Erdoğan, sözkonusu isimlere 31 Mart seçimlerinden önce şu karşılığı verdi:

“Bu ahlâksız İstanbul’a ‘Konstantinopol’ diyor. Bu millet var ya, bu can bu tende oldukça böyle bir şeye asla müsaade etmez… Tüm dünyanın gözbebeği olan İstanbul’a ‘Konstantinopol’ ifadesini kullanan Netanyahu, oğlunun kulağını çek. Eğer bu noktada biraz daha ileri giderseniz, terbiye metotlarımız farklıdır. Sizleri o tür de terbiye etmesini biliriz. Artık burası İstanbul’dur.”

Bilindiği gibi, YSK İstanbul seçimlerini iptal etti ve 23 Haziran’da yeniden sandığa gidildi.

İşte bu seçim öncesinde de Erdoğan şöyle konuştu:

“Burası İstanbul, bir diğer adıyla İslambol. Burası Konstantinopol değil, ama burayı böyle görmek isteyenler var. Böyle görmek isteyenlere karşı 22 günümüz var.”

İstanbul seçimleri bu tartışmalarla geçerken, iki şeye dikkat çektik.

İlki; Lozan Antlaşması’na göre, Fatih Kaymakamlığı’na bağlı bir Türk kurumu olan, ayrıca “siyasi ve idari işlerle iştigâl etmemek ve ülkemizdeki Rum Ortodoks vatandaşlarımıza sadece ruhani hizmet vermek koşuluyla” İstanbul’da kalmasına izin verilen Fener Rum Patrikhanesi’nin başı Bartholomeos’un, AKP iktidarı döneminde tüm dünyadaki Ortodoksların liderliği anlamına gelen “Ekümenik” unvanını kullanması, ayrıca kendisine, “Konstantinopolis-Yeni Roma Başpiskoposu” demesiydi.

İkincisi; Tüm ülke İstanbul seçimine kilitlenmişken, Patriklik Sen Sinod Meclisi’nin, Amerika Rum Ortodoks Başpiskoposluğu’na yaptığı atamaydı. Atanan isim, Elpidophoros Lambriniadis idi.

Lambriniadis kimdir ve ABD’ye atanması öncesinde, sonrasında neler yaptı; özetle bunları da hatırlatalım.

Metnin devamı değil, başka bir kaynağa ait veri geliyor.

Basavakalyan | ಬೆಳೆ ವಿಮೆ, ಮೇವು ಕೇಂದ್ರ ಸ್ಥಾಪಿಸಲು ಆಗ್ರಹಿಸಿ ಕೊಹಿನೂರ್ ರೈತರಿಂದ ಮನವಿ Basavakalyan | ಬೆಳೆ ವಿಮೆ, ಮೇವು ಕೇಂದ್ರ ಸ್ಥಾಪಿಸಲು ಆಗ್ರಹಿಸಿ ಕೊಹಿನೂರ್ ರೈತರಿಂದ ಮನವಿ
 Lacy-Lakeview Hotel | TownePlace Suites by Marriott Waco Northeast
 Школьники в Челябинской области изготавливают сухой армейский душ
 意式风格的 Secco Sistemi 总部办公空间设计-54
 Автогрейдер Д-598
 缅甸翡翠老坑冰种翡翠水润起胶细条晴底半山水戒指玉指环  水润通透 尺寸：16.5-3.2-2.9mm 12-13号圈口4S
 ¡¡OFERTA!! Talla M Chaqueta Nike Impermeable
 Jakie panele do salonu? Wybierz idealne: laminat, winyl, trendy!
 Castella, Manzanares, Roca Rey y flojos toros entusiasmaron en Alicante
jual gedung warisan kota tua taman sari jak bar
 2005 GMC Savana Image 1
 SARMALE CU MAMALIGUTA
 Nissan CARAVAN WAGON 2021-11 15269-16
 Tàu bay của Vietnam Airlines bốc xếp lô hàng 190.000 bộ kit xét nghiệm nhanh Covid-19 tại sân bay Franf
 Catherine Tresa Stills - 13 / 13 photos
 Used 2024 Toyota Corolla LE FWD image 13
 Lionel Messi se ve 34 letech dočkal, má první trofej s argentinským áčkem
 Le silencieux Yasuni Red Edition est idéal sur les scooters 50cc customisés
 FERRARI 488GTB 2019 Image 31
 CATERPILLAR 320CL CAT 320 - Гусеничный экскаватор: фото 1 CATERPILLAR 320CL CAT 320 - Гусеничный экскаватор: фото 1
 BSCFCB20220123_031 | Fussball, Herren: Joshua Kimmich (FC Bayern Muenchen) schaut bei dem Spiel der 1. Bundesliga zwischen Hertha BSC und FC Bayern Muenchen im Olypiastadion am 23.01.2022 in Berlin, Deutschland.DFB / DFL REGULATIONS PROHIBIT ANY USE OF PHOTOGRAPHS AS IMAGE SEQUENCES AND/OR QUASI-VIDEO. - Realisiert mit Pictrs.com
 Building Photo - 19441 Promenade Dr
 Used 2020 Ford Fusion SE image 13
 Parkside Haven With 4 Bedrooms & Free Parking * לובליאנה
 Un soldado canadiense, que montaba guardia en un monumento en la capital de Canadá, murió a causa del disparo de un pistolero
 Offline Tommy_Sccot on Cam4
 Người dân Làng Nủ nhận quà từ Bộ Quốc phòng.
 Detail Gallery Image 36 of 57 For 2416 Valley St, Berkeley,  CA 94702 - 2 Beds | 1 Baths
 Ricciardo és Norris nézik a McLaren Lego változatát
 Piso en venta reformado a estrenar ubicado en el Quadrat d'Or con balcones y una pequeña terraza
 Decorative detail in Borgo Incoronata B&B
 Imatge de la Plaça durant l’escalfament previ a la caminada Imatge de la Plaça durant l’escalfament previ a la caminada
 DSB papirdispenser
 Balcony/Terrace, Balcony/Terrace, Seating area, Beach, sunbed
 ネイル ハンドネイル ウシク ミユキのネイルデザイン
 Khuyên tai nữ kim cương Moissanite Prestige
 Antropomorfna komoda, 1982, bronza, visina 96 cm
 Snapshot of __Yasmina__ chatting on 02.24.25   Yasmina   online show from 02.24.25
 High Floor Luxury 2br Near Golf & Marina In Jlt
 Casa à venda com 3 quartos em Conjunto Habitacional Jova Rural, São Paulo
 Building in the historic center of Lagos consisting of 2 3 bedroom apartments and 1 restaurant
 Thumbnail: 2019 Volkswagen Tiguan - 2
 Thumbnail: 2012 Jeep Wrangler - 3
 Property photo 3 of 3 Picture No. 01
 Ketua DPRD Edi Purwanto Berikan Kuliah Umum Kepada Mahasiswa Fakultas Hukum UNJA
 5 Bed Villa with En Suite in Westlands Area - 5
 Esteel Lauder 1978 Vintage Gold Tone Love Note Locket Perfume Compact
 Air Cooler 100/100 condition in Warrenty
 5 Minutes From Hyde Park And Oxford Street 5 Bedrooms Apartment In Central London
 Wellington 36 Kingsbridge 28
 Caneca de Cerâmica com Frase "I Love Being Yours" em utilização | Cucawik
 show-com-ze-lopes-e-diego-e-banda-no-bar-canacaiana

İstanbul doğumlu ve Türk vatandaşı.

2011’de yine Lozan’a aykırı olarak Patrikhane tarafından “Bursa Metropoliti” olarak atandı. Aynı zamanda daha geçenlerde ABD Dışişleri Bakanlığı’nın yayınladığı Dini Özgürlükler Raporu’nda, “Açılması için Türk yetkilileri zorluyoruz” denilen Ruhban Okulu’nun Müdürüydü.

Bursa Metropoliti yapıldığında ilk işi, Yunanca ve İngilizce broşürler bastırıp Bizans dönemi Bursa haritasını yayınlamak oldu.

Geçen yıl Şubat başında ülkemize gelen dönemin Yunan Başbakanı Çipras’ın Ruhban Okulu’na ziyaretine, Bartholomeos ve Cumhurbaşkanlığı Sözcüsü İbrahim Kalın’la birlikte refakat edenlerden birisi de Lambriniadis’di. Okulu ziyaret giden ilk Yunan Başbakanı olan Çipras, “Dilerim bu okula yapacağım gelecek ziyaret, Cumhurbaşkanı Erdoğan’la birlikte olur ve 48 yıldır kapalı olan okulun kapısını beraber açarız” demişti.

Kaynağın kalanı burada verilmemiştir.